Status: a revised version of this preprint is currently under review for the journal TC.

Atmospheric drivers of Antarctic sea ice extent summer minima

Bianca Mezzina, Hugues Goosse, François Klein, Antoine Barthélemy, and François Massonnet

Abstract. Understanding the variability of Antarctic sea ice is still a challenge. After decades of modest growth, an unprecedented minimum in the sea ice extent (SIE) was registered in summer 2017, and, following years of anomalously low SIE, a new record was established in early 2022. These two memorable minima have received great attention as single cases, but a comprehensive analysis of summer SIE minima is currently lacking. Indeed, other similar events are present in the observational record, although minor compared to the most recent ones, and a full analysis of all summer SIE minima is essential to separate potential common drivers from event-specific dynamics, in order to ultimately improve our understanding of the Antarctic sea ice and climate variability.

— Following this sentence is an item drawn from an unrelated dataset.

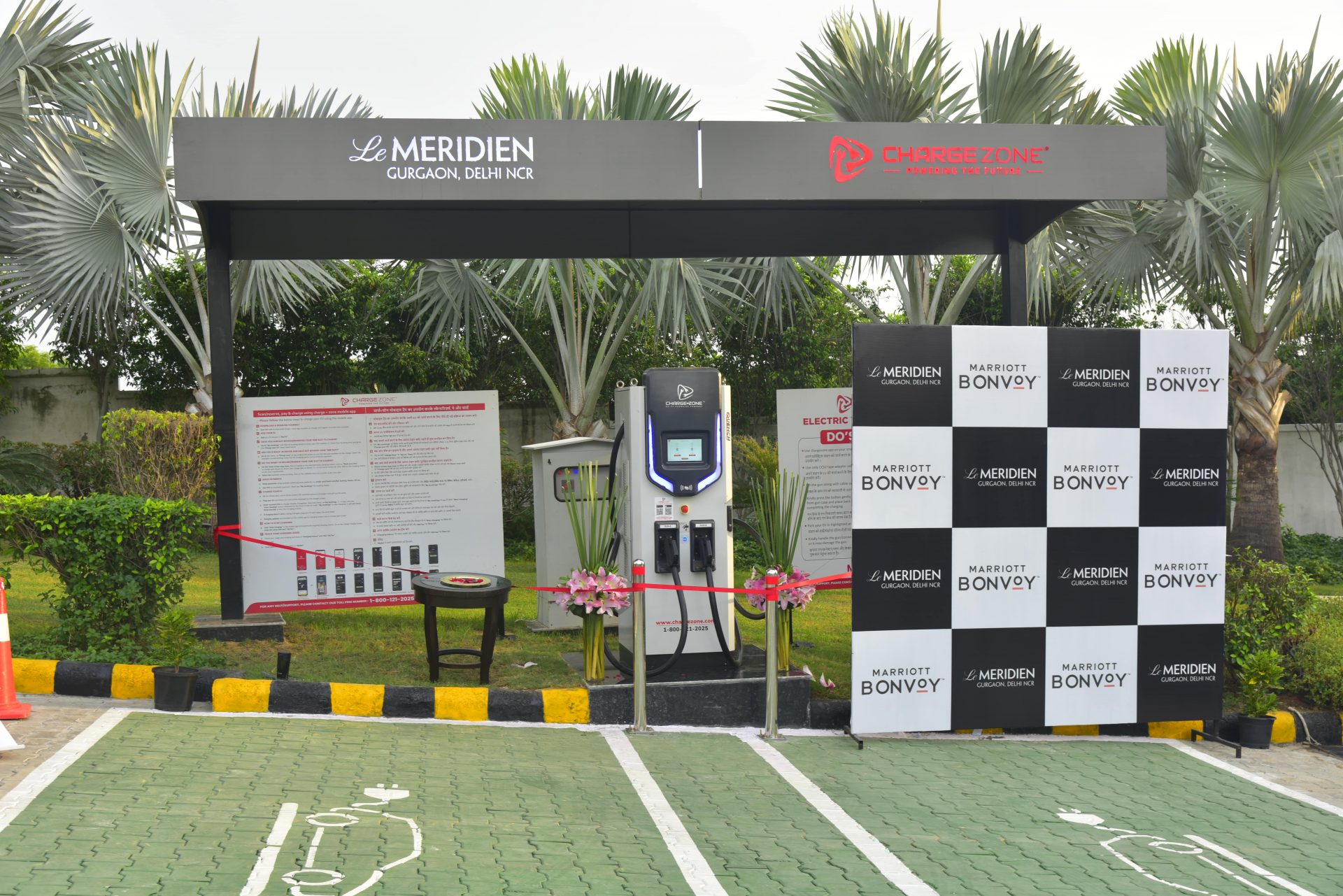 Le Meridien Gurgaon Delhi NCR Launches An Electric Vehicle Charging le-meridien-gurgaon-delhi-ncr-launches-an-electric-vehicle-charging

In this work, we examine sea ice and atmospheric conditions during and before all summer SIE minima over the satellite period up to 2022. We use observations and reanalysis data and compare our main findings with results from an ocean-sea ice model (NEMO-LIM) driven by prescribed atmospheric fields from ERA5. Examining SIE and sea ice concentration (SIC) anomalies, we find that the main contributors to the summer minima are the Ross and Weddell sectors. However, the two regions play different roles and the variability of the Ross Sea seems to explain most of the minima, with typical negative SIE anomalies about twice the ones in the Weddell Sea. Furthermore, the distribution of SIC anomalies is also different: in the Weddell Sea, they exhibit a dipolar structure, with increased SIC next to the continent and decreased SIC at the sea ice margin, while the Ross Sea displays a more homogenous decrease. We also examine the role of wintertime sea ice conditions before the summer SIE minima and find mixed results depending on the period: the winter conditions seem relevant in the most recent events, after 2017, but marginal for previous years. Next, we consider the influence of the atmosphere on the SIE minima, which appears to play a major role: after analyzing the anomalous atmospheric circulation during the preceding spring, we find that different large-scale anomalies can lead to similar regional prevailing winds that drive the summer minima. Specifically, the SIE minima seem to be associated with dominant north-westerly anomalous winds in the Weddell Sea, while a south-westerly anomalous flow prevails in the Ross Sea. Finally, we investigate the relative contribution of dynamic (e.g. ice transport) and thermodynamic (e.g. local melting) processes to the summer minima. Our results suggest that the exceptional sea ice loss in both the Ross and Weddell sectors is dominated by thermodynamic processes, while dynamics are also present but with a minor role.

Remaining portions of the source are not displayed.